> **What is being asked**
From the first line to the last, restate the data exactly, leaving out the images.

────────────────────

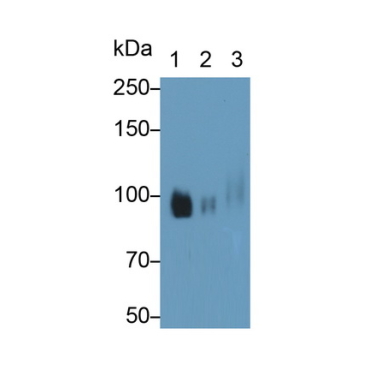 Colony Stimulating Factor Receptor, Macrophage (MCSFR) Human Monoclonal Antibody
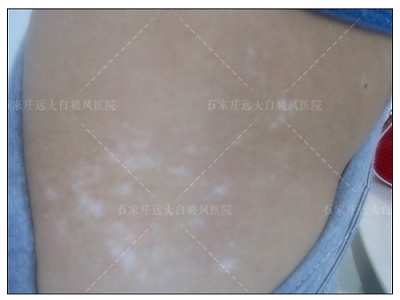 指甲盖大小的白斑是什么 治好花费多少钱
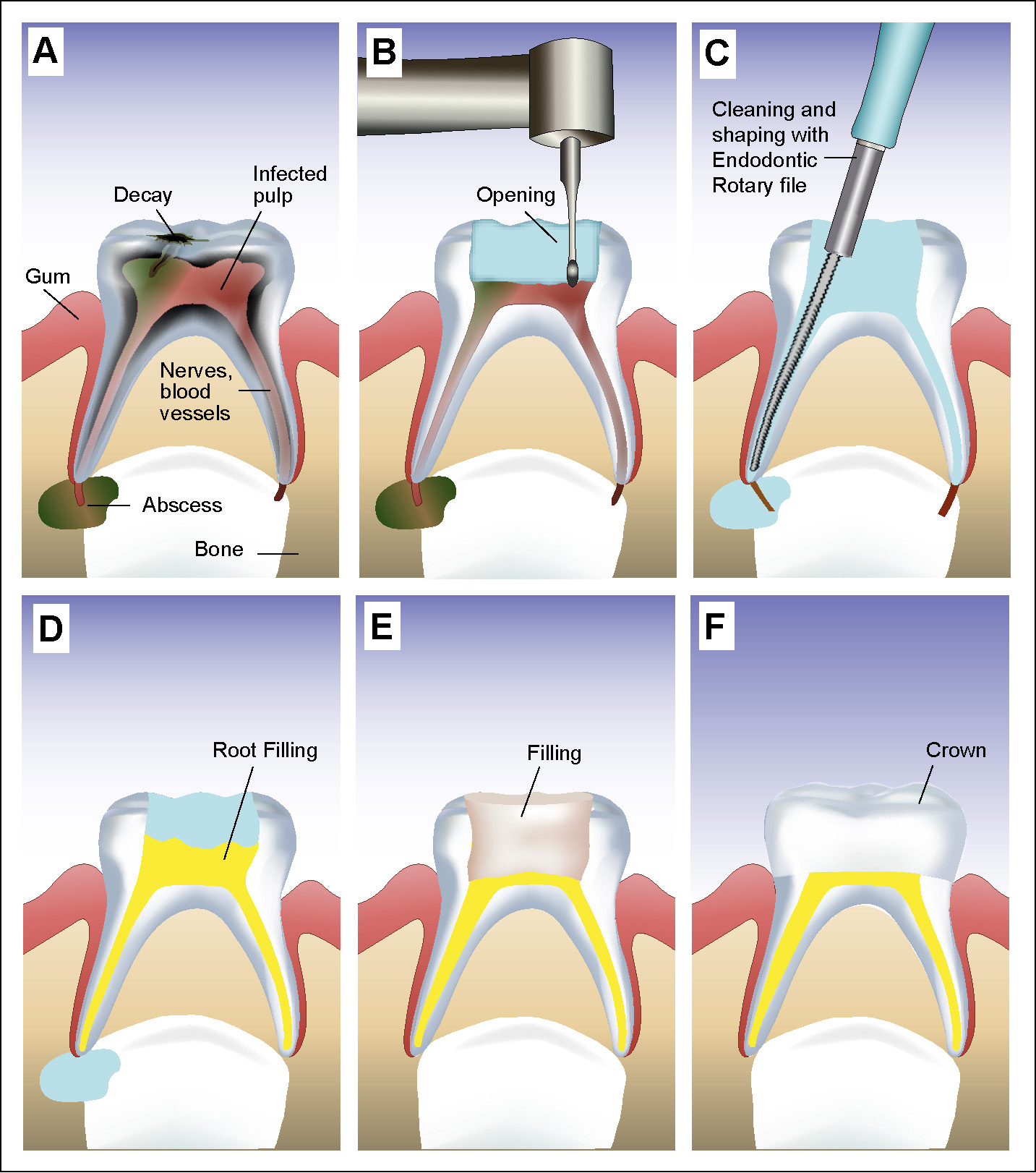 Root Canal Treatment For Child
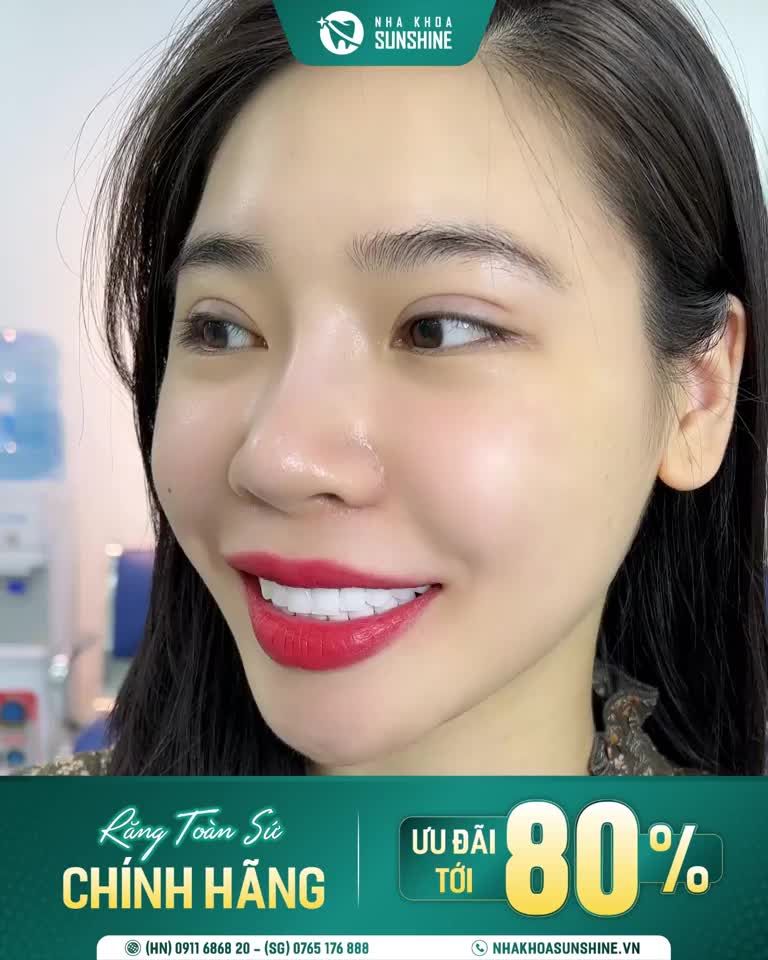 QUÊN NHỮNG LOẠI RĂNG SỨ KIM LOẠI KÉM CHẤT LƯỢNG
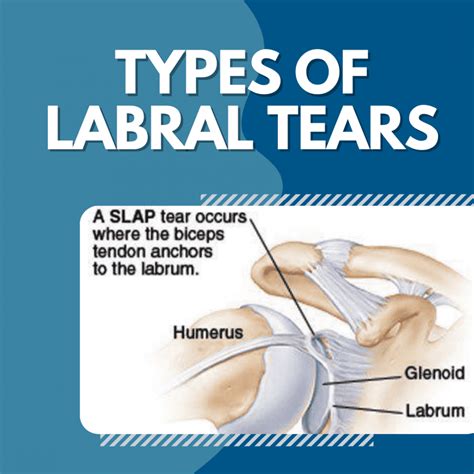 superior glenoid labral tear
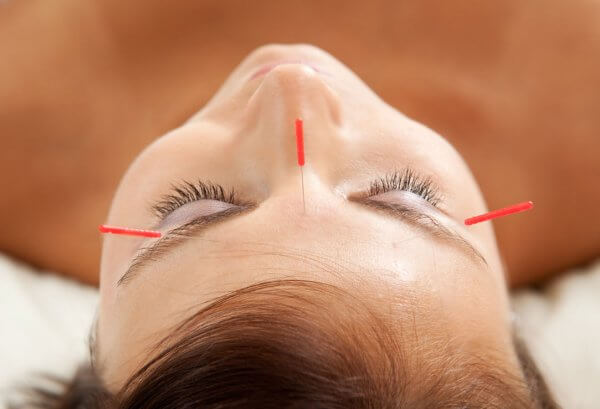 Cosmetic Acupuncture Milton, Mississauga, Oakville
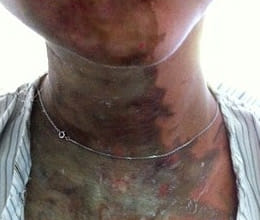 Kaithal -Acid attack on Family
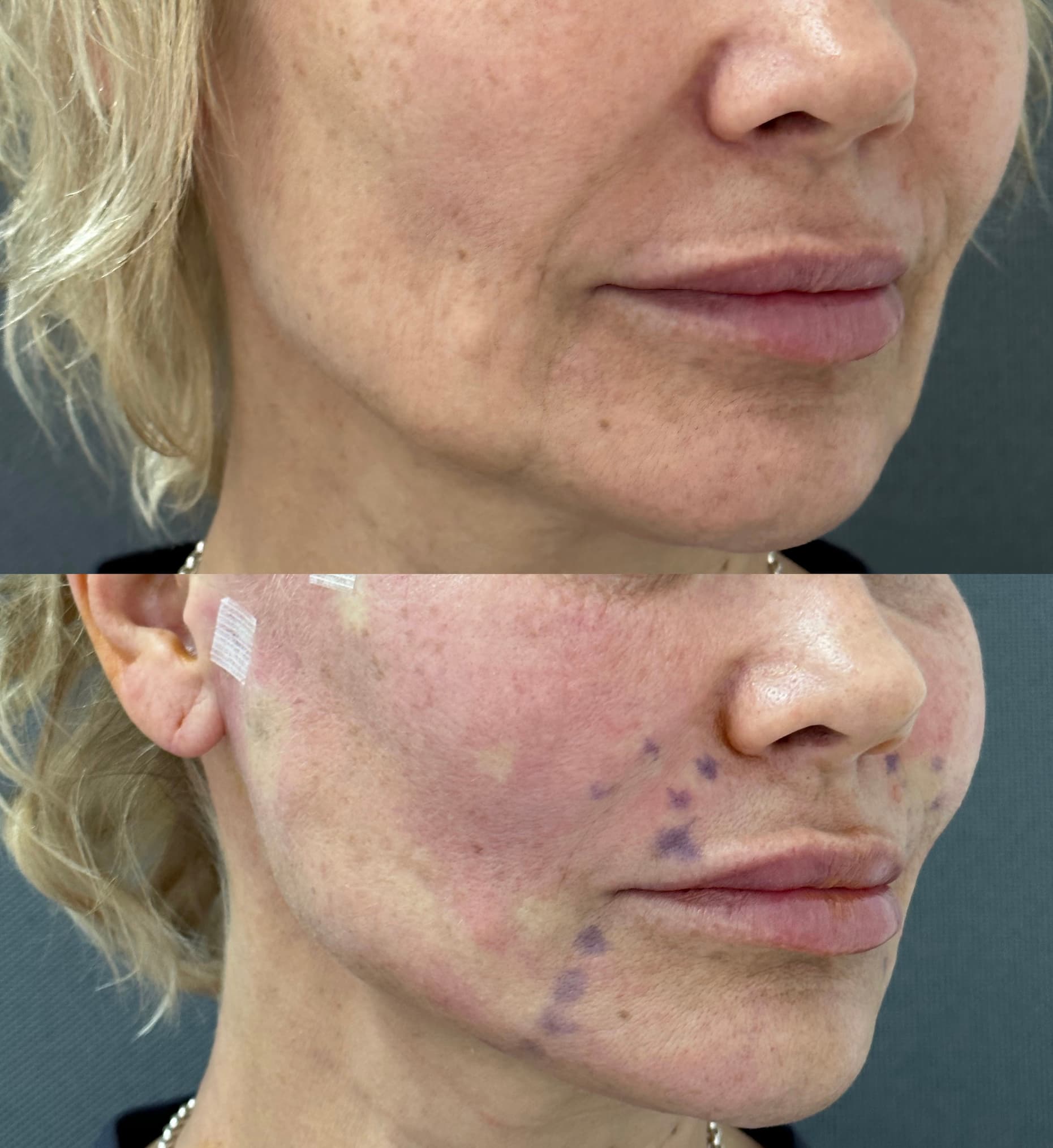 Підтяжка обличчя нитками APTOS-_4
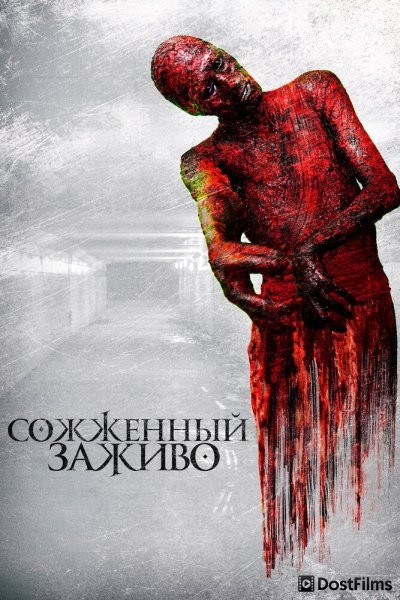 Сожженный заживо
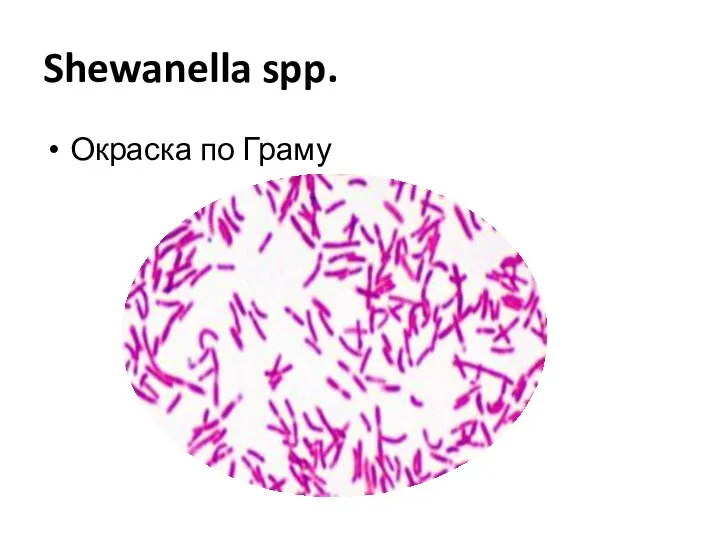 Shewanella spp. Окраска по Граму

────────────────────

> **Solution for this exercise**
 Colony Stimulating Factor Receptor, Macrophage (MCSFR) Human Monoclonal Antibody
 指甲盖大小的白斑是什么 治好花费多少钱
 Root Canal Treatment For Child
 QUÊN NHỮNG LOẠI RĂNG SỨ KIM LOẠI KÉM CHẤT LƯỢNG
 superior glenoid labral tear
 Cosmetic Acupuncture Milton, Mississauga, Oakville
 Kaithal -Acid attack on Family
 Підтяжка обличчя нитками APTOS-_4
 Сожженный заживо
 Shewanella spp. Окраска по Граму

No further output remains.